Various factors would have to be studied, Montgomery said, such as whether investments made by the administrator of the proposed retirement plan were progressive but overly risky or perhaps too conservative.

Colorado Gov. Jared Polis, a Democrat, signed a law July 14 that will create a state-facilitated retirement savings program that automatically enrolls private-sector workers who have no access to employer-provided retirement benefits. The program is voluntary; employees can opt out at any time.

Support for the “Colorado Secure Savings Program” grew after release of a 2020 report by the state treasurer’s commission on retirement security. The report found that 40% of private sector workers in the state did not have access to a workplace retirement plan.

Report data also show that when people lack retirement security, they often rely on the social safety net – Medicaid, social services, early claims to Social Security – and have lower household spending. These factors result in less money injected into the local economy, fewer jobs, and lost tax revenue for the state.

“If you help people sustain themselves, it reduces their need for government services,” Montgomery said.

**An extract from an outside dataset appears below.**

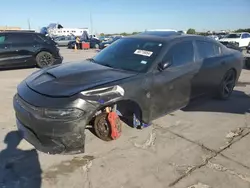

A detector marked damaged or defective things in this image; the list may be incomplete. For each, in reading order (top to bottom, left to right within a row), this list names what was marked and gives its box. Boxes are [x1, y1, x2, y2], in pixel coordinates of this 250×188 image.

crumpled hood [25, 61, 137, 97]
damaged black sedan [12, 33, 243, 154]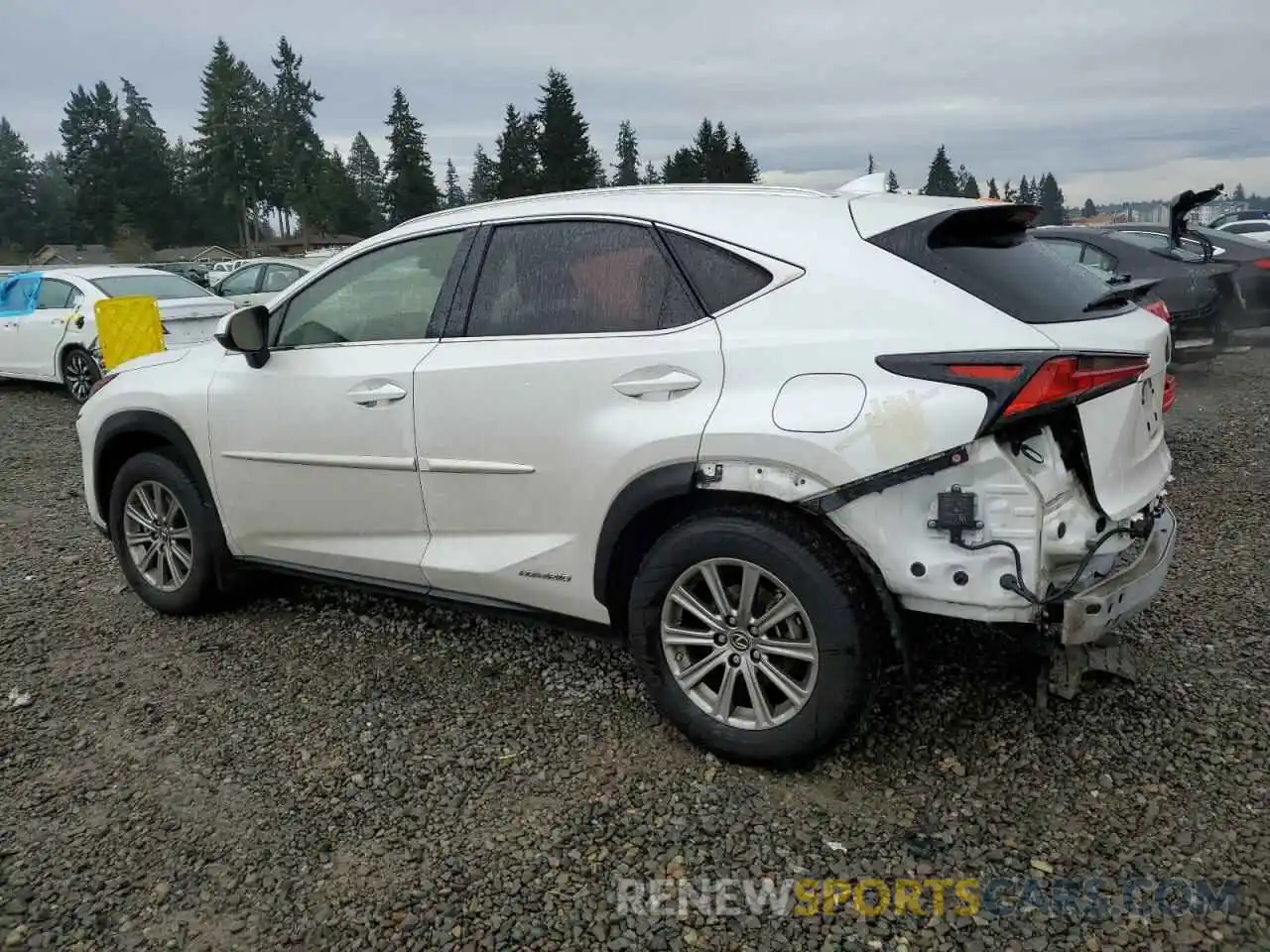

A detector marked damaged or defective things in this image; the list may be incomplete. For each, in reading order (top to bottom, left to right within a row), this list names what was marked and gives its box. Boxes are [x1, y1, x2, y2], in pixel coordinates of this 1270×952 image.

In addition to increasing worker participation and lightening the state’s fiscal burden, auto-enrollment programs such as Colorado’s can help small businesses by providing a workplace benefit that’s more common at larger companies, supporters say. Employers want to offer retirement benefits, but many – particularly smaller firms – cannot afford to start one.

Research by The Pew Charitable Trusts shows that the main reason small businesses choose not to start a workplace plan for their workers is concern that doing so would be too expensive (37%). Another 22% cited a lack of administrative resources as a key barrier to setting up a program.

But a state-facilitated auto-IRA programs such as Colorado Secure Savings are designed to be a no-cost way for employers to provide retirement benefits. Under these programs, the fiduciary responsibilities typically fall not on employers but on third-party firms responsible for managing the employee savings.